(EXERCISE REQUIREMENTS) Transcribe exactly, please, the lines from the one containing "Çamaşır deterjanı yıkama" through the end of the records below, and leave out the pictures.

(GIVEN RECORDS)

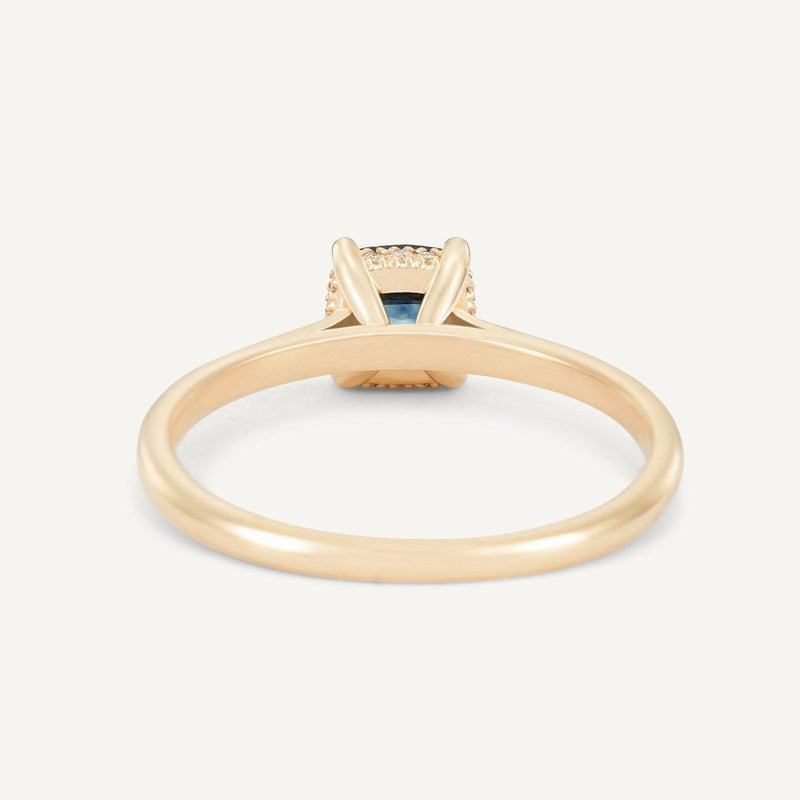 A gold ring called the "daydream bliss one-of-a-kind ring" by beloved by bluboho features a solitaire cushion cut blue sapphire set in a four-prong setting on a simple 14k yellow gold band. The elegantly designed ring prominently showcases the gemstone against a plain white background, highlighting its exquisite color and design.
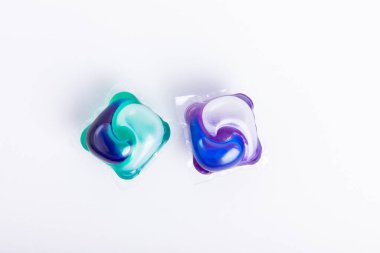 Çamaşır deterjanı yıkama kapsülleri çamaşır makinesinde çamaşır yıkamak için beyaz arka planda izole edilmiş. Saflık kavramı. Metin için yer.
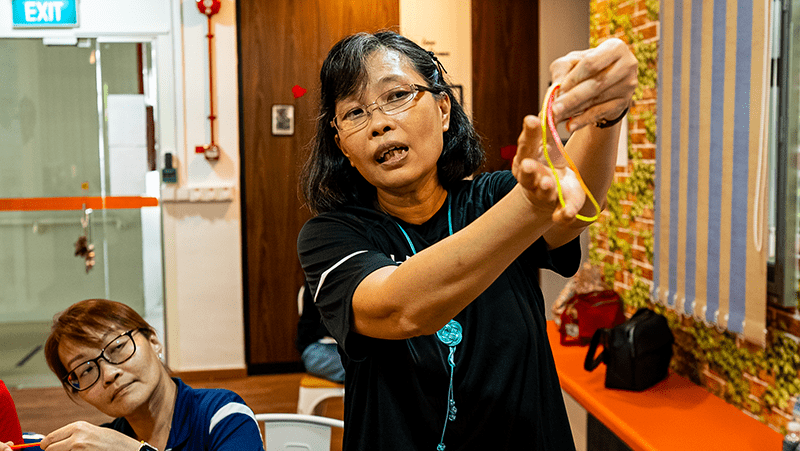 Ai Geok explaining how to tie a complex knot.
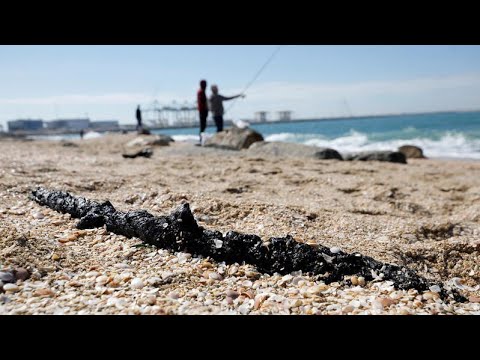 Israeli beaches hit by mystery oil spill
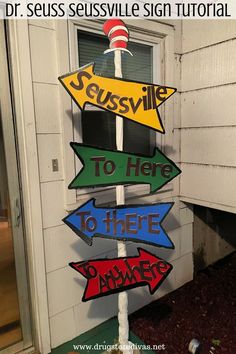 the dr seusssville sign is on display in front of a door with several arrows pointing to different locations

(OUTPUT FOR THIS TASK)
 Çamaşır deterjanı yıkama kapsülleri çamaşır makinesinde çamaşır yıkamak için beyaz arka planda izole edilmiş. Saflık kavramı. Metin için yer.
 Ai Geok explaining how to tie a complex knot.
 Israeli beaches hit by mystery oil spill
 the dr seusssville sign is on display in front of a door with several arrows pointing to different locations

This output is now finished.